The research, paid for by Z Energy but carried out independently, said oil price changes were now quicker to filter through to the forecourts.

The Institute for Economic Research (NZIER) analysed government retail price data and the price of Dubai crude oil between April 2004 and March 2015.

The study was conducted by a principal economist, John Stephenson, who said the market had been more active over the past few years and changed the way it behaved.

"Prices look like they're changing more rapidly in response to oil prices," he said.

"So as oil prices go up, those price changes are coming through more quickly, and as they're going down, those price changes are also coming through more quickly.
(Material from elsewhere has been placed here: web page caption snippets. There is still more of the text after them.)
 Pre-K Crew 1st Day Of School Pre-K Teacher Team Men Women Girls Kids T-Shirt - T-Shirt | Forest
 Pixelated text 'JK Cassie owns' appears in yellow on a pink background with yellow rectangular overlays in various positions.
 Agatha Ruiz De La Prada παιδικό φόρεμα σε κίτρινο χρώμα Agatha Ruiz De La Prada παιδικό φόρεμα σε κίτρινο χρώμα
"That's something we've seen probably over the last three or four years. It's new compared to our previous work [in 2013]."
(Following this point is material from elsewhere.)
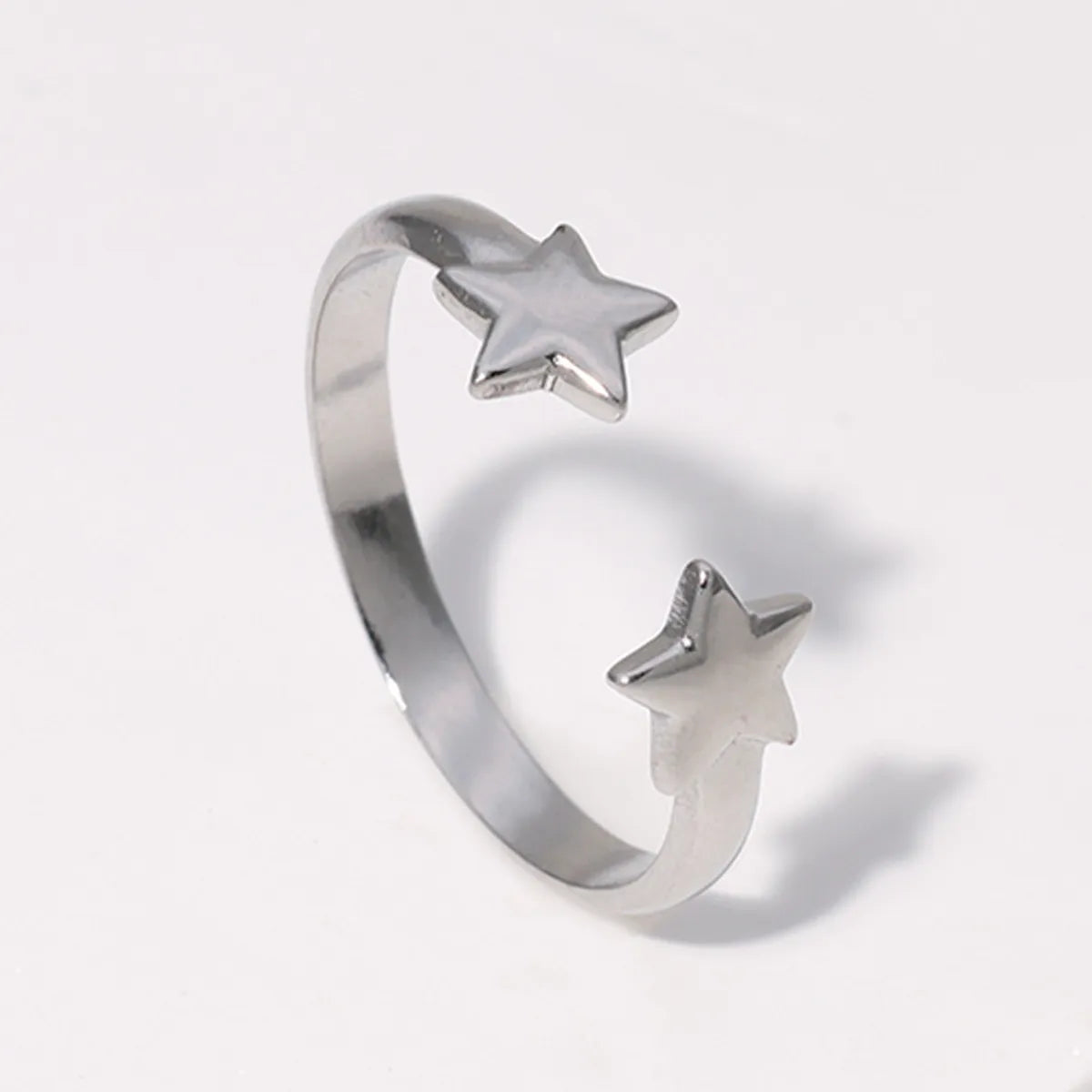 Simple Style Star Stainless Steel Plating Open Rings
Z Energy chief executive Mike Bennetts said price changes were now smaller but more frequent.

"Typically we might have waited three, four, or five days to see a trend, and usually if we did that, it would sometimes manifest itself as a larger movement up or down.
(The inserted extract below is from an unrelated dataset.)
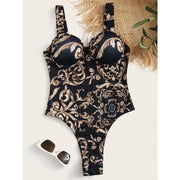 Summer Sexy Print One Piece Swimsuit Closed Female Swimwear Push Up Body Women's Swim Wear Bathing Suit Beach Pool Bather 2025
"Based on the feedback we had from customers, we said 'let's not wait for four or five days, let's do it after a day or two, once it looks like it's going in a particular direction', and then obviously in doing that, it's a smaller number."

He said competition has increased as there are fewer large owners and more franchises.

"In today's market, about 75 percent of the service staions are actually individually priced by, if you like, the mum-and-dad operators rather than the big companies.

"That's a good thing. It's not a matter of four individuals deciding the price each day, it's now in the hands of 800-850 individuals ... And you're seeing a lot more evidence of regional price variation."

Fast enough - but far enough?

The results haven't surprised analysts, who say they're similar to studies carried out in the past seven years or so.

But AA pricewatch spokesperson Mark Stockdale said there was a distinct difference between how quickly fuel prices change and then by how much, which he said the report did not look at.

"They're talking about the speed of change; they're not talking about the size of the change," he said.

"Certainly, the AA has observed there have been times when they have not dropped prices far enough. They've dropped them fast enough, but they haven't dropped them far enough.

"So we might have seen, for example, commodity price fall by four cents a litre and the next day, they drop the retail price by two cents a litre."

Mr Stockdale said fuel companies were not always passing on the size of exchange rate or commodity price changes, and could pocket some of that fall in cost.